Martin S. Feldstein ’61, Baker professor of economics and one-time top White House economic adviser, criticized America’s “strong dollar” policy at a convention of macroeconomic and financial experts last weekend.
“We clearly need a more competitive dollar,” he said, according to reports of his remarks. “The dollar is still very high—too high to be sustained.”
In a sit-down interview yesterday, Feldstein cautioned that the dollar’s strength, along with the low U.S. savings rate, could lead to a “weakening of the U.S. economy.”
“The dollar is overvalued and our savings rate has collapsed,” Feldstein said.

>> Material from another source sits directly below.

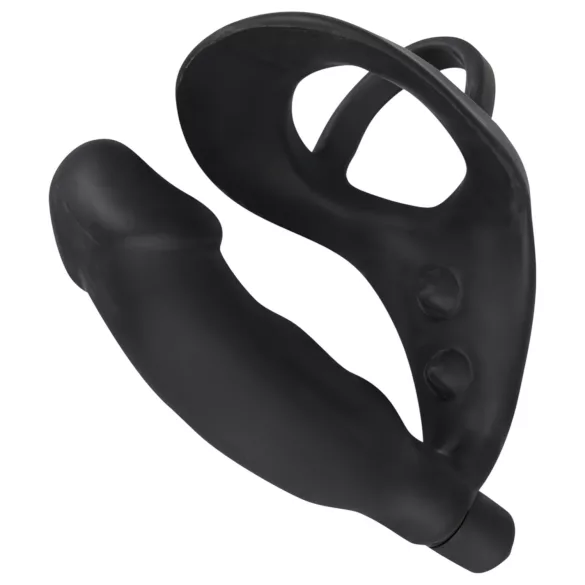 Black Velvet - Anale Vibrator mit Penis- und Hodenring (schwarz)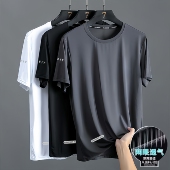 弹力速干衣运动短袖 宽松冰爽透气健身跑步大码 速干t恤男半袖 夏季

Cabot Professor of Public Policy and Professor of Economics Kenneth S. Rogoff—who also sat on last weekend’s panel, convened by the American Economic Association—said that he largely supported the views voiced by his Harvard colleague.
Rogoff wrote in an e-mail after the conference that the U.S. current account, or the net flow of transactions between the U.S. and other countries, is “unsustainable.”
He estimated for The Wall Street Journal earlier this week that the dollar must fall another 20 percent, and that the odds are only increasing that an unexpected blow to the U.S. economy, like a terrorist attack or a collapse of the housing market, could prompt a financial crash.
“So far we’ve just seen a small ripple in the dollar and not the big tsunami that could hit someday,” he told the Journal. “That’s still a significant risk.”
The dollar fell only moderately last year—2 percent on average, according to media reports.
Feldstein, who is also president of the National Bureau of Economic Research, said in yesterday’s interview that devaluing the dollar would help shrink the U.S. trade deficit and stabilize global markets by encouraging foreigners to buy more U.S. goods. Americans, on the other hand, will buy more domestic products, as imports will become more expensive.
Feldstein called the U.S. trade deficit “enormous,” but said he believes that the savings rate will rise.
A U.N. economic report released on Wednesday warned that as the U.S. trade and budget deficits continue to widen, “confidence in the dollar as the world’s main reserve currency could erode rapidly.”
Gernot Doppelhofer, a university lecturer and fellow of Trinity College at the University of Cambridge, wrote in an e-mail that he believes that the current account will eventually adjust.
“Differences in productivity growth affect the real exchange rate in the long run,” he wrote.
To respond to the growing deficits, President Bush’s administration should curtail discretionary spending, he added.
Feldstein said he did not believe the dollar needed to fall immediately.
“If the savings rate doesn’t change, then depreciation won’t help,” he explained.
In his e-mail, Rogoff also highlighted China’s role in dollar politics.
“China is making a historic mistake in not allowing more flexibility against the dollar,” he wrote.